Congress is actually able to delegate some of its rule-making authority. For example, the Federal Communications Commission is part of the Executive branch, and was established by Congress and empowered to make certain rules and regulations on Congress’ behalf. This is why you’ll see the Executive branch passing what amounts to laws: within a limited scope defined by Congress, that’s exactly what it’s doing.

But in terms of the Constitution, the Executive branch is only given two main tasks: to run the military (the President is the civilian Commander in Chief), and to execute the laws of the United States. So this kind of implies the existence of a Department of Defense (or similar; it hasn’t always been called that), and implies the existence of a Justice Department.

But let’s be clear: the US Constitution does not explicitly define the existence of a Justice Department, nor does it dictate that any such department must be independent. If the Constitution had done so, we’d have four branches of government, with Justice being a top-level, co-equal one that answered to nobody. We don’t have that. Justice works for the President, like any Cabinet secretary.

My British friend was explaining the Royal Assent to me. In a nutshell, when the UK Parliament passes a law, it doesn’t technically become a law until the monarch agrees to it, a process known as “giving the Royal Assent.” In theory, the Queen could essentially veto any law she didn’t like; in practice, that doesn’t happen. The Queen remains apolitical, and the Royal Assent is more or less a rubber-stamp. That kind of approach freaks Americans out, because we like our rules written down and inviolable. “What if she just didn’t give it?” I pressed my friend. “It’s unthinkable,” he answered, absolutely unruffled.

“What if,” he said, “the President’s friends were being investigated for a crime and the President told the Justice department to piss off?” he asked.

“Too soon,” I said.

But he’s a good point: the “independence” of the Justice Department is a lot like the Royal Assent. Presidents don’t direct Justice too closely, because it’d be “unthinkable.” Except, you know, when they do tell Justice what to do. Nothing in the Constitution prevents a President from telling his own employees what to do. Nothing permits Congress or the Judiciary from interfering with Executive branch operations. Sure, you can argue that a President should let Justice operate independently, but should is a far cry from legally must.

And here’s a thought: the President can pardon someone for any Federal crime. So if the President directs Justice to back off of something, you could argue (and some do) that it’s no different than the President exercises proactive pardoning, an enumerated privilege in the Constitution.

There’s a cool, somewhat scholarly article on the subject you might read if you’re interested, and at a meta level it illustrates how a lot of this stuff gets difficult to unravel. The author acknowledges the Constitution’s vesting of full executive power in the President, but writes, “This is a nice theory. Sometimes (though not often) I wish that it were so. But the theory has been repudiated in law, and especially in practice, for a long time.”

The main “legal” guarantee of independence, he writes, boils down to Congress’ legal establishment of the FBI Director’s term as ten years – in theory, protecting the Director from being fired and giving them political protection to pursue justice independently of the politicians.

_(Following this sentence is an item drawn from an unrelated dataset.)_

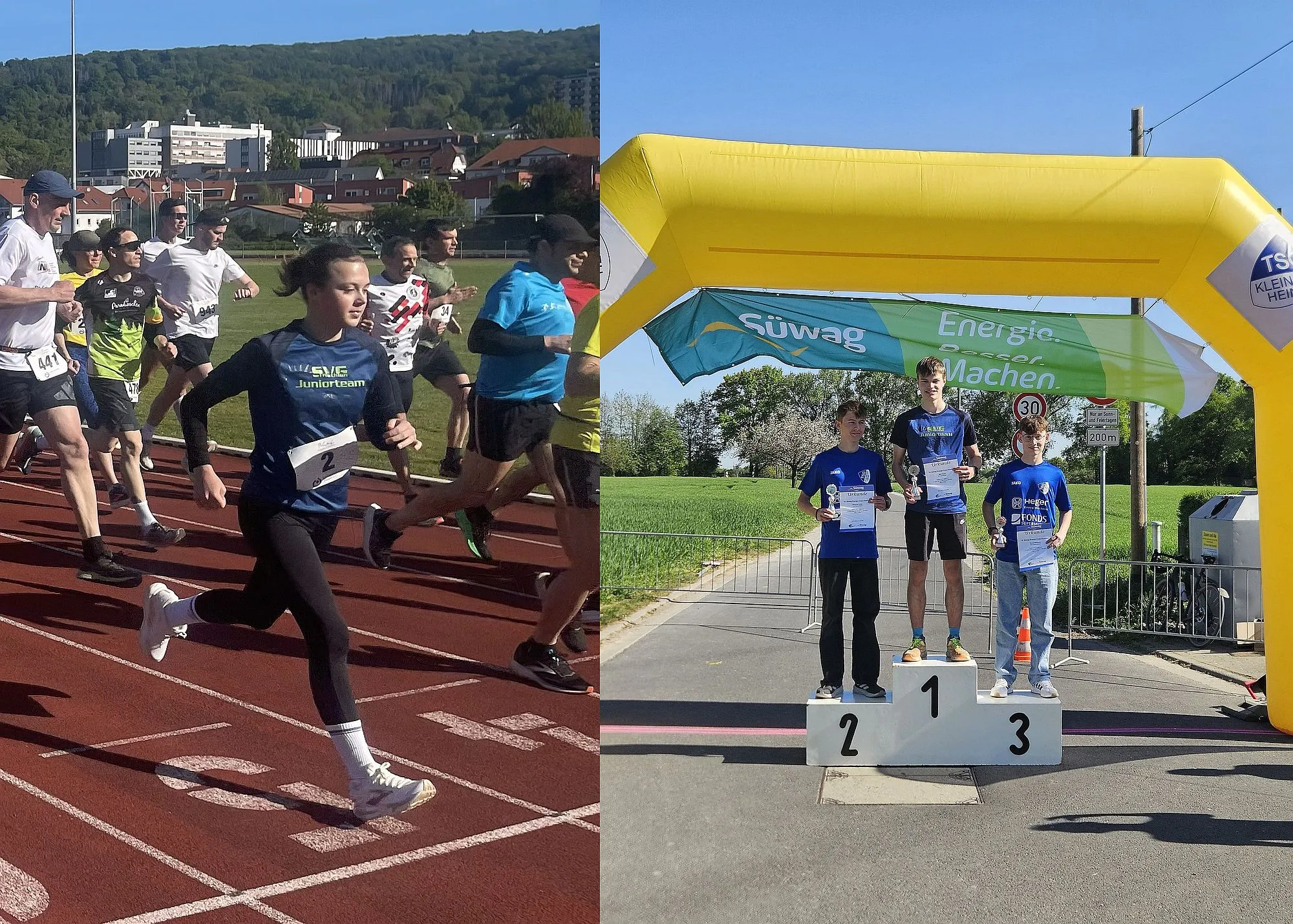 SVG Triathlon Juniorteam überzeugt beim ersten Formtest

Except, well, when the Director gets fired anyway. That creates political consequences for the President, but the President’s two main political pressures are re-election and the threat of impeachment. Impeachment is a fairly hollow threat; we’ve never removed a President for it and depending on how the parties are aligned, you can pretty much be assured of immunity from anything less the Entirely Egregious.

He goes on to write:

“Every presidency since Watergate has embraced policies for preserving DOJ and FBI independence from the President in certain law enforcement and intelligence matters. These internal regulations and memoranda, and the norms they foster, acknowledge the President’s ultimate power and responsibility for law enforcement and intelligence while at the same time recognizing that in certain matters, the Executive branch needs internal divisions of authority that achieve a type of independence from presidential control.”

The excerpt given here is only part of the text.